# Required work
Copy out every line of the data exactly.

------ Study material ------

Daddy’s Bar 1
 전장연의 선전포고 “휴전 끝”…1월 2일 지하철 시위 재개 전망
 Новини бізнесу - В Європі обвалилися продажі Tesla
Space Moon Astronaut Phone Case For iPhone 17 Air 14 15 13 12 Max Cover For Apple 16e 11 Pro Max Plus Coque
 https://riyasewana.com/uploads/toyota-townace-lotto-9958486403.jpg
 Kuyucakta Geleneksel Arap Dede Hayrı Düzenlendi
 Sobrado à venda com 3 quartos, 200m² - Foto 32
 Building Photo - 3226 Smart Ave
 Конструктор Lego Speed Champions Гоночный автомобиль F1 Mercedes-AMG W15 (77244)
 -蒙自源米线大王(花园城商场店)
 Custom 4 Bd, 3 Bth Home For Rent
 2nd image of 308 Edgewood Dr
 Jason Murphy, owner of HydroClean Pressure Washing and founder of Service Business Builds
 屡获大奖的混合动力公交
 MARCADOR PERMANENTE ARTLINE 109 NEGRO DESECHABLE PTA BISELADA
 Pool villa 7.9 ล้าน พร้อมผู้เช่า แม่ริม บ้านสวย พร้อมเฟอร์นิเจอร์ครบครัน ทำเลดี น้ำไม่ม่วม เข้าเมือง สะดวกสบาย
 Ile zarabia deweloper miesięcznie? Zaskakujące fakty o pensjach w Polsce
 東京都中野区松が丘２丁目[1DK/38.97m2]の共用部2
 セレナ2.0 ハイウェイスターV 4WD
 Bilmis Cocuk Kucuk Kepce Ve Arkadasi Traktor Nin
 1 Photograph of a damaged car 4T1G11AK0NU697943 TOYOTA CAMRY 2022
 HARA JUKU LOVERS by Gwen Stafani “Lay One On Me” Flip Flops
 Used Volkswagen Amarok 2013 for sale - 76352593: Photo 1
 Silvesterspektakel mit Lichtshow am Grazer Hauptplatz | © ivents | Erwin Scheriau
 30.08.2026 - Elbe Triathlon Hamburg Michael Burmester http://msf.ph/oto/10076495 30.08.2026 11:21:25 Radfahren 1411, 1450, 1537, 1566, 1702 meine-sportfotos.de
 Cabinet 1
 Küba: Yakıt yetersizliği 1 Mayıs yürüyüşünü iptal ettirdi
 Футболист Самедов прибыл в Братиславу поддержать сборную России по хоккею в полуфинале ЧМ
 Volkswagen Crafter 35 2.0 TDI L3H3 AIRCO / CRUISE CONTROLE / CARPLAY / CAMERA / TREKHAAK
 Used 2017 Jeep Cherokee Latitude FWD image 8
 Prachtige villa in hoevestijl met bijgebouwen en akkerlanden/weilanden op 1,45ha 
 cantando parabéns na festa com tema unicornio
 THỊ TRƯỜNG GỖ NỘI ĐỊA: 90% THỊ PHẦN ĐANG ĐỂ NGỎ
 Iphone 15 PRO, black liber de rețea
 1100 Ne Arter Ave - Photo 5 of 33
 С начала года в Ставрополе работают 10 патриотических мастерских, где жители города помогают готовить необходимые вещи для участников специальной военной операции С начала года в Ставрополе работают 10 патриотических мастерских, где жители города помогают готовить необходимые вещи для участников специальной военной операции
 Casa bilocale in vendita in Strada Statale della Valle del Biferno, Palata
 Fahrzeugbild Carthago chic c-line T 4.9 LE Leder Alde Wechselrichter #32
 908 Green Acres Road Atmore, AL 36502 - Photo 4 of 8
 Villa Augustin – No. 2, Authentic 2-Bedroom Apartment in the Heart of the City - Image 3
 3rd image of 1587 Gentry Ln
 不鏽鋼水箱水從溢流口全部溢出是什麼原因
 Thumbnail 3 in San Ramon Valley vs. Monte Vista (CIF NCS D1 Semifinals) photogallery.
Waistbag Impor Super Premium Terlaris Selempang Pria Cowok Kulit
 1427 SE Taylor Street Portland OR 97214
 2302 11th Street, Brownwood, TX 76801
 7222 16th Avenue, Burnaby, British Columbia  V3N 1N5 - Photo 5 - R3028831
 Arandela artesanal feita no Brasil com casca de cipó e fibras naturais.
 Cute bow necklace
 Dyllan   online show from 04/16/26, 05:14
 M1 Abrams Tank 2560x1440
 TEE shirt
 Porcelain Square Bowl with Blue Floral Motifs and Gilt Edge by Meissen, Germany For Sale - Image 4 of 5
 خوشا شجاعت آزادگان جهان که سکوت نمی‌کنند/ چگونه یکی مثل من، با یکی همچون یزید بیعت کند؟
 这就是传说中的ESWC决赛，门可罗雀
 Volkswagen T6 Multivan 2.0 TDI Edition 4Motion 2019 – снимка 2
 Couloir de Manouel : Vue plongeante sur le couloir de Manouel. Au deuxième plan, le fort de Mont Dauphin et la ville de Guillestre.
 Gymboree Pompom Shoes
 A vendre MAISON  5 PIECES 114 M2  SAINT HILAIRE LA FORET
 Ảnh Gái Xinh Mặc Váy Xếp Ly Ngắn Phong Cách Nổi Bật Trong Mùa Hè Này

------

# Response
Daddy’s Bar 1
 전장연의 선전포고 “휴전 끝”…1월 2일 지하철 시위 재개 전망
 Новини бізнесу - В Європі обвалилися продажі Tesla
Space Moon Astronaut Phone Case For iPhone 17 Air 14 15 13 12 Max Cover For Apple 16e 11 Pro Max Plus Coque
 https://riyasewana.com/uploads/toyota-townace-lotto-9958486403.jpg
 Kuyucakta Geleneksel Arap Dede Hayrı Düzenlendi
 Sobrado à venda com 3 quartos, 200m² - Foto 32
 Building Photo - 3226 Smart Ave
 Конструктор Lego Speed Champions Гоночный автомобиль F1 Mercedes-AMG W15 (77244)
 -蒙自源米线大王(花园城商场店)
 Custom 4 Bd, 3 Bth Home For Rent
 2nd image of 308 Edgewood Dr
 Jason Murphy, owner of HydroClean Pressure Washing and founder of Service Business Builds
 屡获大奖的混合动力公交
 MARCADOR PERMANENTE ARTLINE 109 NEGRO DESECHABLE PTA BISELADA
 Pool villa 7.9 ล้าน พร้อมผู้เช่า แม่ริม บ้านสวย พร้อมเฟอร์นิเจอร์ครบครัน ทำเลดี น้ำไม่ม่วม เข้าเมือง สะดวกสบาย
 Ile zarabia deweloper miesięcznie? Zaskakujące fakty o pensjach w Polsce
 東京都中野区松が丘２丁目[1DK/38.97m2]の共用部2
 セレナ2.0 ハイウェイスターV 4WD
 Bilmis Cocuk Kucuk Kepce Ve Arkadasi Traktor Nin
 1 Photograph of a damaged car 4T1G11AK0NU697943 TOYOTA CAMRY 2022
 HARA JUKU LOVERS by Gwen Stafani “Lay One On Me” Flip Flops
 Used Volkswagen Amarok 2013 for sale - 76352593: Photo 1
 Silvesterspektakel mit Lichtshow am Grazer Hauptplatz | © ivents | Erwin Scheriau
 30.08.2026 - Elbe Triathlon Hamburg Michael Burmester http://msf.ph/oto/10076495 30.08.2026 11:21:25 Radfahren 1411, 1450, 1537, 1566, 1702 meine-sportfotos.de
 Cabinet 1
 Küba: Yakıt yetersizliği 1 Mayıs yürüyüşünü iptal ettirdi
 Футболист Самедов прибыл в Братиславу поддержать сборную России по хоккею в полуфинале ЧМ
 Volkswagen Crafter 35 2.0 TDI L3H3 AIRCO / CRUISE CONTROLE / CARPLAY / CAMERA / TREKHAAK
 Used 2017 Jeep Cherokee Latitude FWD image 8
 Prachtige villa in hoevestijl met bijgebouwen en akkerlanden/weilanden op 1,45ha 
 cantando parabéns na festa com tema unicornio
 THỊ TRƯỜNG GỖ NỘI ĐỊA: 90% THỊ PHẦN ĐANG ĐỂ NGỎ
 Iphone 15 PRO, black liber de rețea
 1100 Ne Arter Ave - Photo 5 of 33
 С начала года в Ставрополе работают 10 патриотических мастерских, где жители города помогают готовить необходимые вещи для участников специальной военной операции С начала года в Ставрополе работают 10 патриотических мастерских, где жители города помогают готовить необходимые вещи для участников специальной военной операции
 Casa bilocale in vendita in Strada Statale della Valle del Biferno, Palata
 Fahrzeugbild Carthago chic c-line T 4.9 LE Leder Alde Wechselrichter #32
 908 Green Acres Road Atmore, AL 36502 - Photo 4 of 8
 Villa Augustin – No. 2, Authentic 2-Bedroom Apartment in the Heart of the City - Image 3
 3rd image of 1587 Gentry Ln
 不鏽鋼水箱水從溢流口全部溢出是什麼原因
 Thumbnail 3 in San Ramon Valley vs. Monte Vista (CIF NCS D1 Semifinals) photogallery.
Waistbag Impor Super Premium Terlaris Selempang Pria Cowok Kulit
 1427 SE Taylor Street Portland OR 97214
 2302 11th Street, Brownwood, TX 76801
 7222 16th Avenue, Burnaby, British Columbia  V3N 1N5 - Photo 5 - R3028831
 Arandela artesanal feita no Brasil com casca de cipó e fibras naturais.
 Cute bow necklace
 Dyllan   online show from 04/16/26, 05:14
 M1 Abrams Tank 2560x1440
 TEE shirt
 Porcelain Square Bowl with Blue Floral Motifs and Gilt Edge by Meissen, Germany For Sale - Image 4 of 5
 خوشا شجاعت آزادگان جهان که سکوت نمی‌کنند/ چگونه یکی مثل من، با یکی همچون یزید بیعت کند؟
 这就是传说中的ESWC决赛，门可罗雀
 Volkswagen T6 Multivan 2.0 TDI Edition 4Motion 2019 – снимка 2
 Couloir de Manouel : Vue plongeante sur le couloir de Manouel. Au deuxième plan, le fort de Mont Dauphin et la ville de Guillestre.
 Gymboree Pompom Shoes
 A vendre MAISON  5 PIECES 114 M2  SAINT HILAIRE LA FORET
 Ảnh Gái Xinh Mặc Váy Xếp Ly Ngắn Phong Cách Nổi Bật Trong Mùa Hè Này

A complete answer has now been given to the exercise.